Amazon amzn is releasing a new and improved Kindle. It’s white, thinner, and lighter, and has a rounded design that makes it easier to hold with one hand. But what’s most interesting is the device’s features for the blind.

The fourth-generation Kindle Touch, released in 2011, had speakers, headphone jacks, and text-to-speech functionality—and it was the last Kindle that was accessible to the blind or those who had trouble seeing text. When Amazon upgraded its LCD-screen Fire tablets, the company removed audio features from the Kindle e-reader line, thus making it inaccessible to blind users, according to the Wall Street Journal.

The new Kindle will come with Bluetooth wireless technology, which is a first for the devices. Much like Amazon’s voice-controlled Echo, the new Kindle reads e-books aloud when connected to Bluetooth headphones or speakers.

How easy it will be for a blind person to pair the Kindle with a bluetooth audio device will truly determine its accessibility, however. According to Chris Danielsen, director of communications for the National Federation of the Blind, pairing with Bluetooth is usually pretty easy, as long as the host device has good text-to-speech technology, such as a built-in or third-party screen reader.

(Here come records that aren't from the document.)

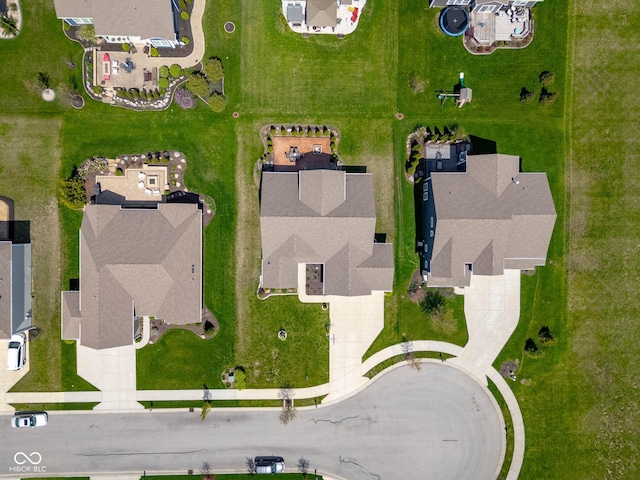 drone / aerial view featuring a residential view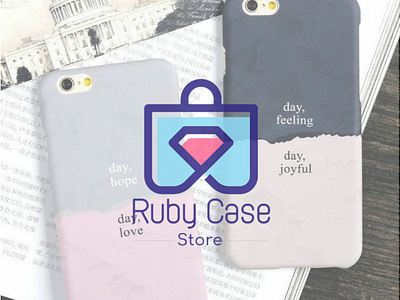 Ruby case store clean logo branding logo monogram minimalist negative space simple stationery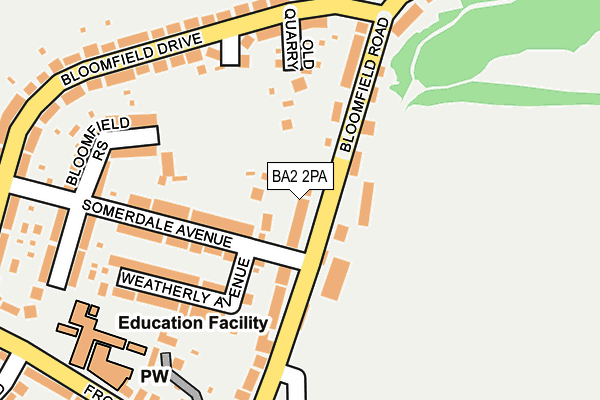 BA2 2PA map - OS OpenMap – Local (Ordnance Survey)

“How pairing a Bluetooth speaker or headset with this device works will definitely impact how successfully blind people can use it, and that’s one of the implementation factors we will carefully review,” Danielsen told Fortune.

In March, The National Federation of the Blind announced that it is working with Amazon to “increase selection, enhance accessibility, and improve reading experiences for blind students, including those who have low vision or who are deaf-blind.” However, the Federation has been advocating for greater accessibility in both Kindle devices and content since the Kindle was first introduced, according to Danielsen.

Although the company has not seen and tested the new Kindle yet, “we are certainly glad to see Amazon introducing greater accessibility in this device,” he told Fortune.

While Amazon isn’t the only e-book vendor option for blind people, it has a majority share of the U.S. e-book market and a proprietary file format, according to the Journal.

News of the new kindle comes after Amazon won a $30 million contract to deliver e-books to New York City public schools starting next school year.

Fortune has reached out to Amazon and will update the story if it responds.